I know, a bit of an exaggeration.  Back then, though, we all had teachers who remained in the system too long disrupting many lives along the way for one reason or another.  Those were a few who seemed genuinely to dislike kids. A married teacher with children might have had additional insight into us little monsters to make their jobs more rewarding and our school days more fulfilling.

I didn’t know if Mr. Cronin was married or not.  I did know he was a good teacher.  He wasn’t an easy teacher, a bit of a taskmaster actually, but he didn’t yell at you, make you feel uncomfortable. The best thing was he made jokes!  That was new to me.  That’s most likely the reason I considered him a good teacher. 

The Fairmount School was new the year I arrived to begin fourth grade.   Whether the paint was still drying or it had been built the year before, it was light years away from the massive Mendell School.  Most schools in Boston were like the Mendell, large foreboding buildings configured of heavy granite, ringed with iron fences.  More like prisons than schools.  Many kids actually did compare schools to prisons. “Where are you off to?” “Prison.”  “You mean school?”  “No, prison.”  Kids would say that on the way to school. “Another day in prison.”  Sort of sad.

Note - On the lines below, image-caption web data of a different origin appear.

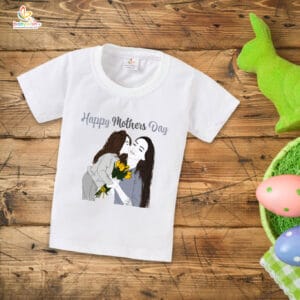 Mother's Day Special T-Shirt for Boy’s and Girl’s Half Sleeve Topwear for Unisex Kids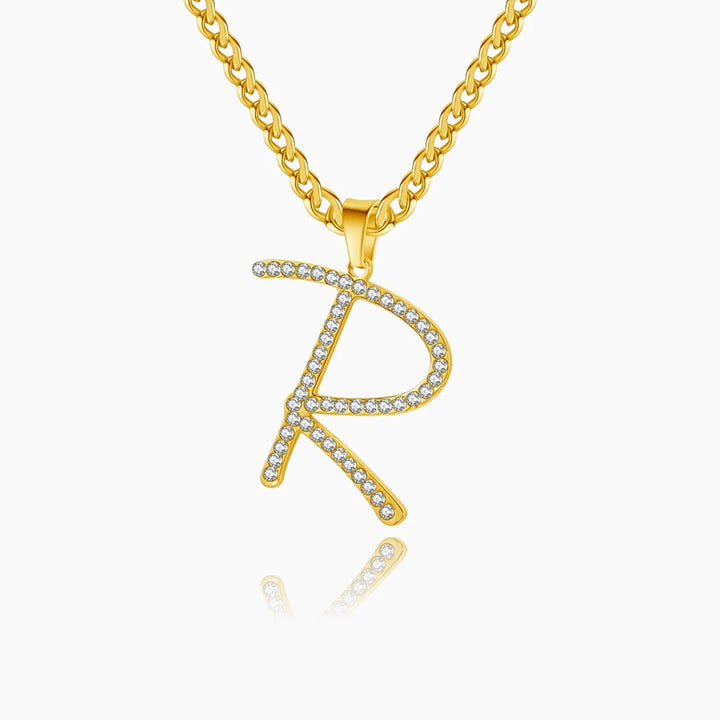 Iced Initial Necklace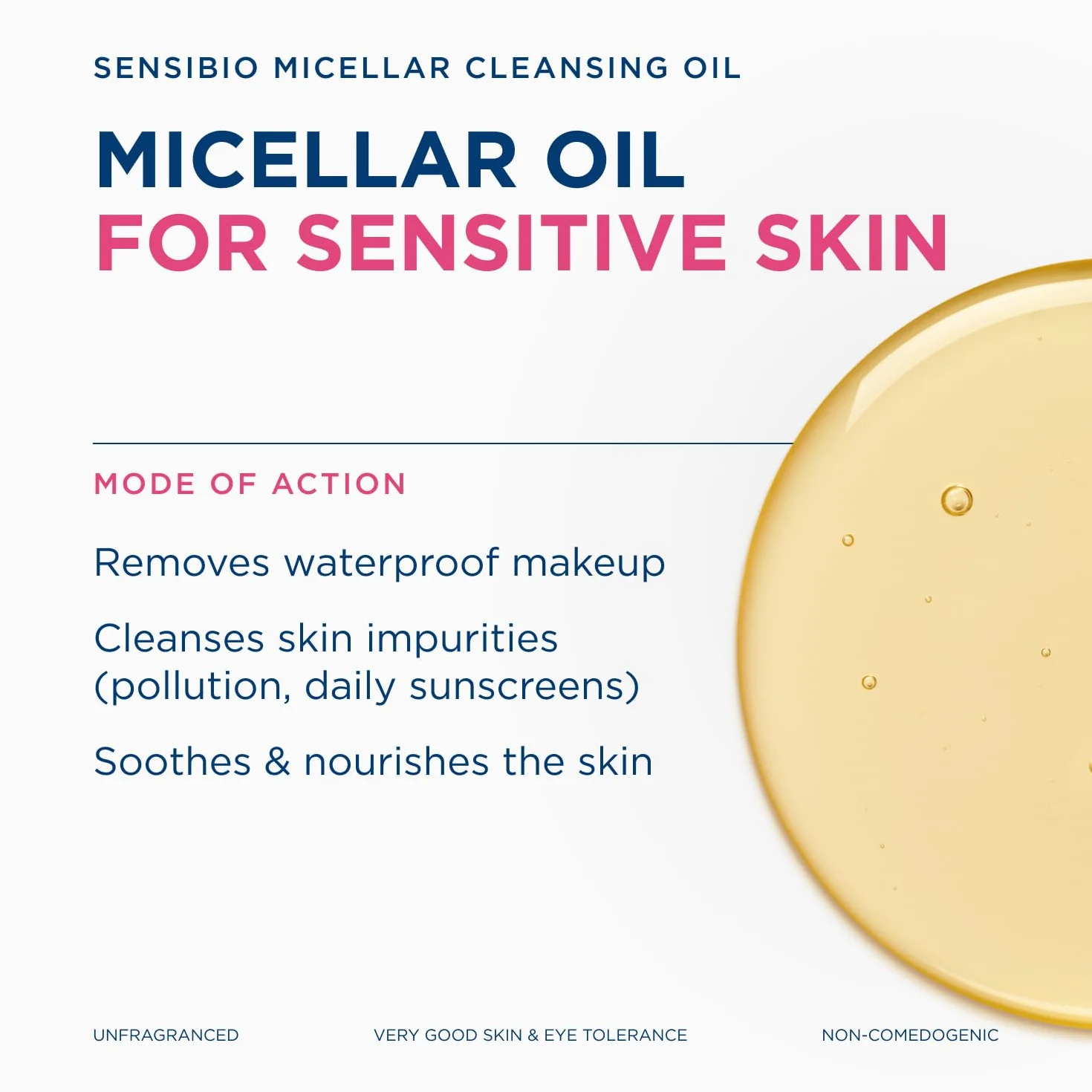 BIODERMA Sensibio Aceite Micelar 150 ml - Limpiador Desmaquillante para Pieles Sensibles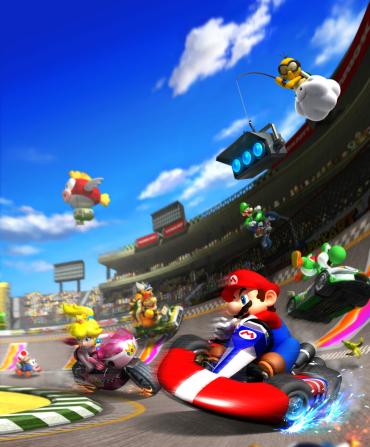 Mario Kart (Wii and DS), age rating: 3 (Suitable for children aged 3 and above)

The Fairmount did not have that prison-like atmosphere from the outside.  It was red brick, human scale, two stories, and bounded by chain link, a fence you could climb over without risk of impalement. The windows consisted of glass block over regular panes which you could open.  No heavy shades to prevent sunlight from coming in, or whatever light was available during a grey November afternoon. State of the art.

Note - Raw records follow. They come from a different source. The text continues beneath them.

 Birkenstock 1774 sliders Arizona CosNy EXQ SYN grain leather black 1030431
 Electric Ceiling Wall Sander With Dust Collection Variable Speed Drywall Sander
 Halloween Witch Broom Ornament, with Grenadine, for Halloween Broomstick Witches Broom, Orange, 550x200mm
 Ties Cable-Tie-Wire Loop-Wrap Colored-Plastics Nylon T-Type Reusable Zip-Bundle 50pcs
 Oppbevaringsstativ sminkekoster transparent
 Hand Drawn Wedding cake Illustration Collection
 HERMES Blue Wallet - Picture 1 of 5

The biggest change from the Mendell were the moveable desks and chairs.  Nothing was bolted to the floor.  The irony was that most of the time they were configured in similar fashion to their bolted cousins at the Mendell, six or seven rows in straight lines from front to back.  We sat in alphabetical order.  I was a “B” so I was in the row closest to the windows.  Yes, lots more glass, including shards of heavy glass block, when and if the Russians paid a visit.  But lots of light too.  And a place to look out of when daydreaming.

    

Subject Matter

It was in fourth grade I began to separate out the subjects.  I knew math had little in common with history but now, taught as a separate subject, geography was becoming distinct from history even though I later recognized geography often determines history.

I liked geography.  I even liked the absurdity of summing up a country by the list of products it produced. Canada: wheat. Holland: tulips and wooden shoes. Switzerland: watches and cheese. Maybe watches made out of cheese? Stereotypes were reinforced on a daily basis in fourth grade.

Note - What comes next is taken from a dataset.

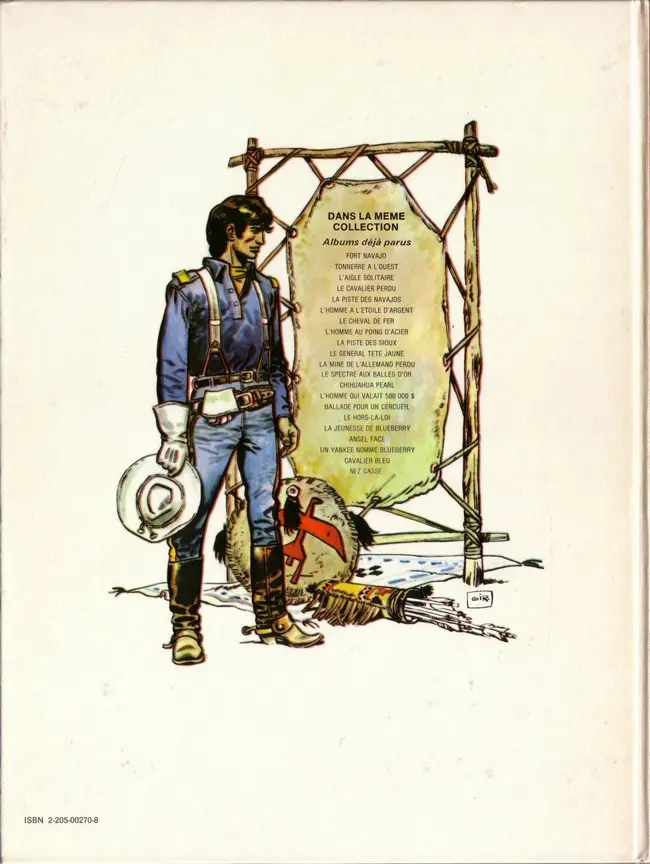 Verso de l'album Blueberry Tome 4 Le cavalier perdu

History was different.  It was about time.  I didn’t yet have a concept of time.  For me time was now, not then.  Fourth grade was the beginning of running out of time when we studied American History.  Year after year, right up through high school, we’d start with the Pilgrims, the revolution, get into the War of 1812, Louisiana Purchase, make it to the Civil War.  But year after year we’d run out of time before we reached the 20th century.  Most of what I know from 1900 on I learned on my own.

English instruction was not about the way we kids spoke our language.  It had to do with the rules of that language.  There are rules for how I say things?  It wasn’t too long before I discovered I loved having the rules.  Probably because unlike the rules of math I got the rules of English.  The whole relationship of nouns to verbs.  Great.  Even better were the descriptive words, adjectives, that seemed to come out of nowhere to partner up with nouns.  A car is one thing but a speeding car, a bright red car, a crashing car, much, much better.  The rules allowed me to add drama and imagery when I spoke.  Not that I could articulate that then but somehow I sensed it.  

I also began to grasp the differences among speaking English, writing English and reading English. Very few people speak like they write, and the printed page seemed a whole new universe.  I began to see how you could say so much more in written English than spoken. Nuance, connotation, description.  Didn’t know what any of those were but again I had a sense of all of it when I read. My reading comprehension was better than my speaking expressivity. 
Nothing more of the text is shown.